■ What to do ■
In the material below, find the span from the line with "Buildings by sea against clear sky" to the line with "bedroom featuring ornamental" and transcribe only those lines, exactly, ends included, without the pictures.

----- Supplied data

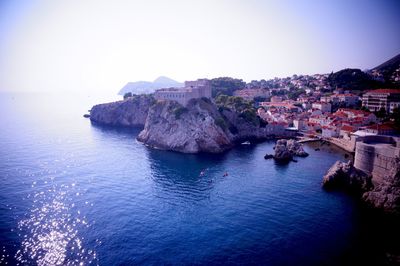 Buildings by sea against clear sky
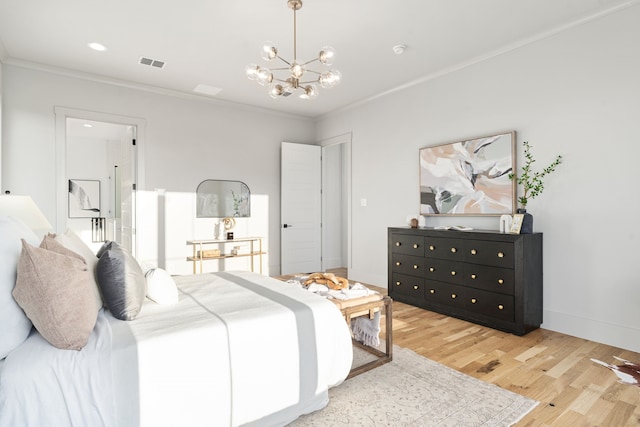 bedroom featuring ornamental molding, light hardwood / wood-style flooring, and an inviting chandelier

----------
----- Supplied data

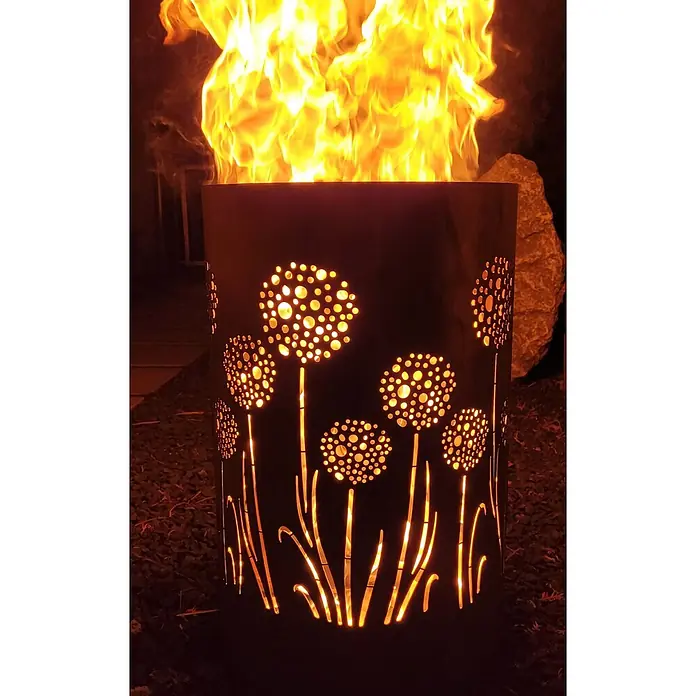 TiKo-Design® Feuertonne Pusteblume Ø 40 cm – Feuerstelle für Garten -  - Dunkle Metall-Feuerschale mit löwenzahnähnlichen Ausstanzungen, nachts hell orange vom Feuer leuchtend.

----------

■ Output below ■
 Buildings by sea against clear sky
 bedroom featuring ornamental molding, light hardwood / wood-style flooring, and an inviting chandelier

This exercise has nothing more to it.